Task requirements - The exercise calls for exact output of the lines between the one that contains "SPACIOUS 1BR | CORNER UNIT | COMMUNITY VIEW" and the end of the data, with both ends kept and pictures left out.

Information shown -
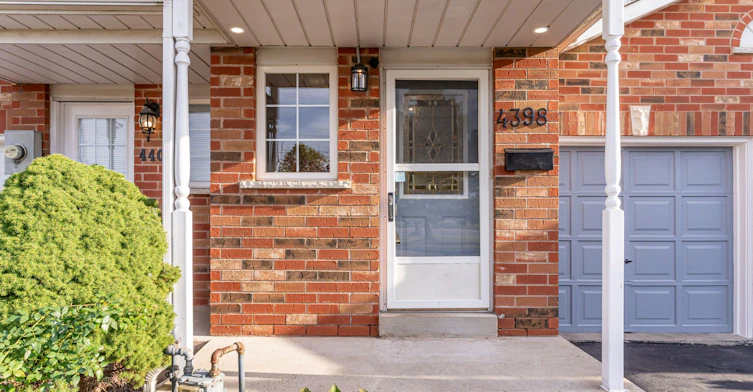 4398 Fairview Street, Burlington, ON, L7L 6S8 - 3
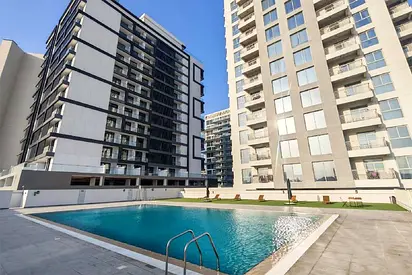 SPACIOUS 1BR | CORNER UNIT | COMMUNITY VIEW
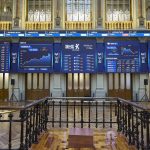El Ibex 35 sube un 1,3%, alcanza máximo histórico, pero no supera los 18.200 puntos.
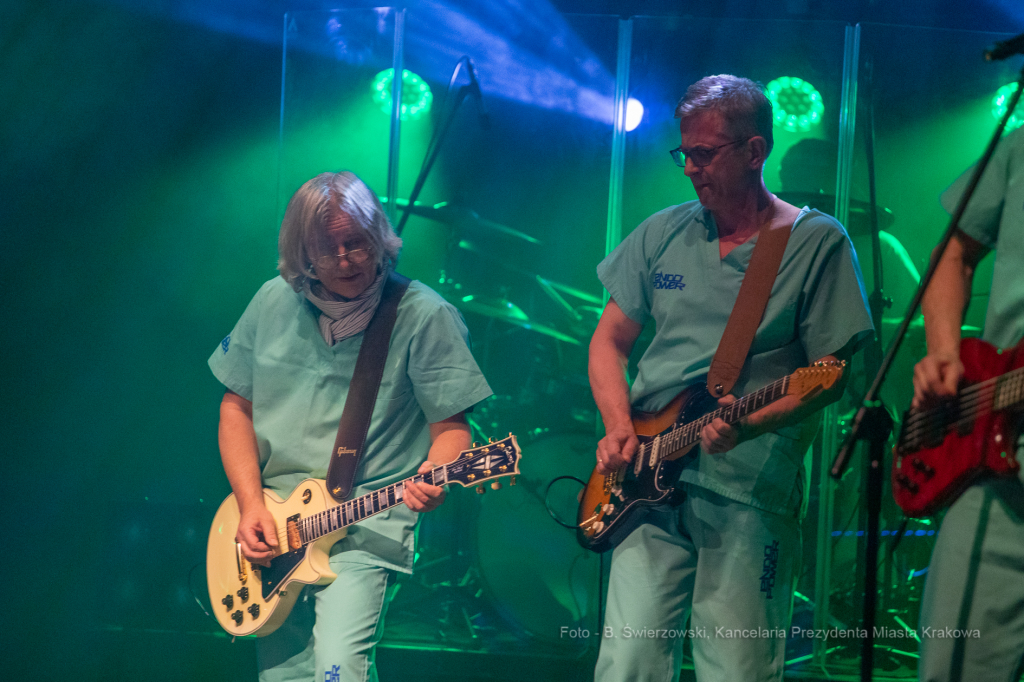 bs-grudnia 07, 2019-img_0442.jpg-Koncert,Groteska,Majchrowski,Piotr Chłosta  Autor: B. Świerzowski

Reply to the task -
 SPACIOUS 1BR | CORNER UNIT | COMMUNITY VIEW
El Ibex 35 sube un 1,3%, alcanza máximo histórico, pero no supera los 18.200 puntos.
 bs-grudnia 07, 2019-img_0442.jpg-Koncert,Groteska,Majchrowski,Piotr Chłosta  Autor: B. Świerzowski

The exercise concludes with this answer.